A relatively fast-paced, tense and gritty B-grade movie, Contraband follows a familiar heist formula to produce a solid dose of escapist entertainment.
Produced by Mark Wahlberg and directed by Baltasar Kormakur, who acted in the original Icelandic thriller Reykjavik-Rotterdam, on which Contraband is based, it's a smuggler's story given the Hollywood treatment and moved from Europe to New Orleans and Panama.
Mark Wahlberg is perfectly cast as Chris Farraday, a reformed blue-collar family man with a dodgy past as being a well-known smuggler. It's a less ambitious role than Wahlberg's recent outings in The Fighter and The Departed, but is the kind of no-nonsense character Wahlberg does well. When Farraday's brother-in-law Andy (Caleb Landry Jones) gets in serious trouble with local drug lord Briggs (Ribisi), Farraday and his family are dragged into the drama and he's left with little choice but to pull off one last job to save his family.
This is one of those films where there are good bad people and real bad people. The good baddies do illegal things for the right reason, and regardless of the laws they break they're likeable and sympathetic enough to get behind. Chris is one of these guys, and the role is a walk in the park for Wahlberg, who hardly breaks a sweat as he threatens local criminals, bribes his way aboard a ship to Panama, organises counterfeit money to smuggle into America, gets caught up in a major gun fight between police and local Panama thugs, and then beats the Customs system to cruise back into America.
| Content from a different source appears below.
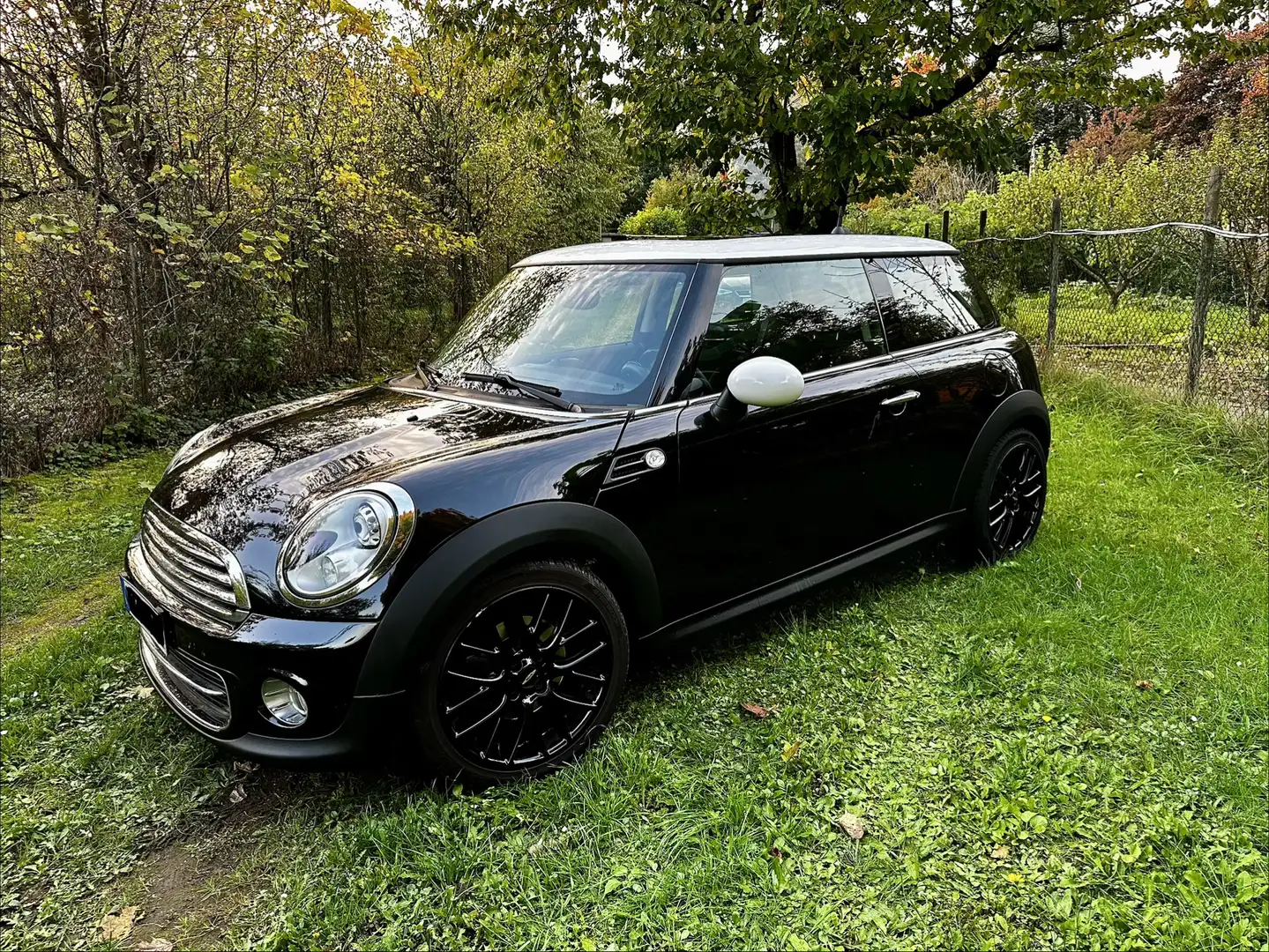 MINI Cooper - 1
Its predictability and the film's tendency to keep its ambitions in check that give it a B-grade feel. The plot is outlandish, but in a world where everyone is always corrupt, anything is readily achievable; it's all part of the fun. There's a cheat on the action as well, with a reliance on stylistically shaky camerawork failing to make up for a lack of coherency in the action scenes.